The Securities and Exchange Commission has published guidance to assist companies with their obligation to hold annual shareholder meetings in light of coronavirus (COVID-19) pandemic. The SEC also announced regulatory relief for funds and investment advisers whose operations may be affected, which covers in-person board meetings and certain filing and delivery requirements.
Many public companies and investment companies are required to hold annual meetings of security holders, with the federal securities laws requiring the delivery of proxy materials to the voting shareholders. The spread of COVID-19 has affected the ability to hold in-person meetings due to health, transportation, and other logistical issues.

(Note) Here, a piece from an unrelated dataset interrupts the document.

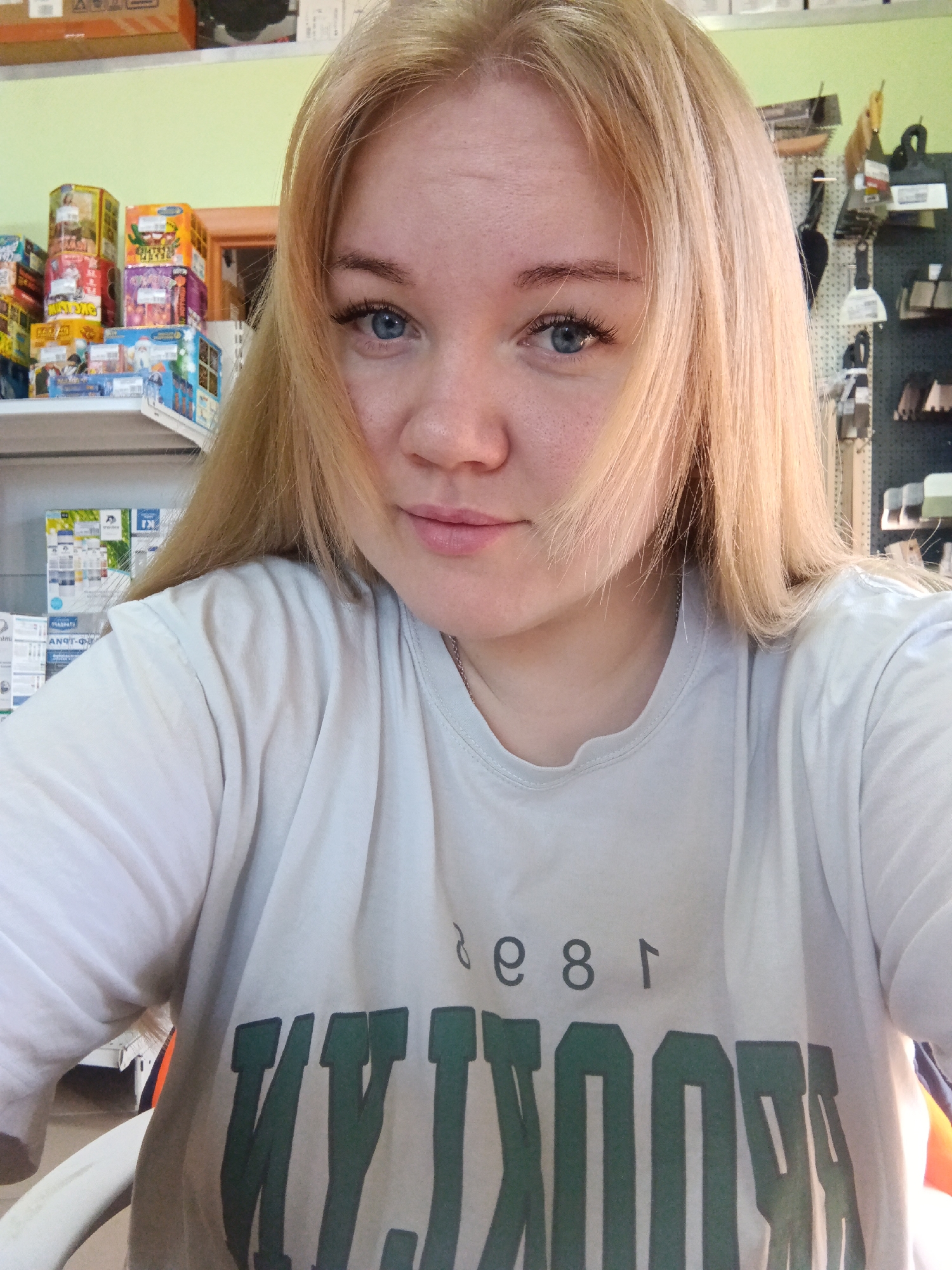 A young woman with fair skin, blue eyes, and blonde hair stands in a well-lit interior. Some of her hair falls across her face. She is wearing a white t-shirt with the word "BROOKLYN" printed in dark green. The letters are slightly distorted, appearing backward. The location appears to be a store, with shelves stocked with various products visible in the background, including what appears to be fireworks and other merchandise. The background also includes a green wall with hanging tools or hardware. The location of the store is Фоки, Russia.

The SEC guidance provides regulatory flexibility to companies seeking to change the date and location of the meetings and use new technologies, such as “virtual” shareholder meetings that avoid the need for in-person shareholder attendance.
“The SEC staff recognizes that many public companies and other market participants are transitioning to teleworking, virtual meetings and other contingency measures to address health concerns,” said SEC chairman Jay Clayton. “Our staff stands ready to facilitate these transitions and we encourage market participants to contact us with requests for guidance or relief. The SEC has itself moved to teleworking and virtual meetings and remains fully operational.”
Under the guidance, affected parties can announce changes to the meeting date/location or the use of “virtual” meetings without incurring the cost of additional physical mailing of proxy materials.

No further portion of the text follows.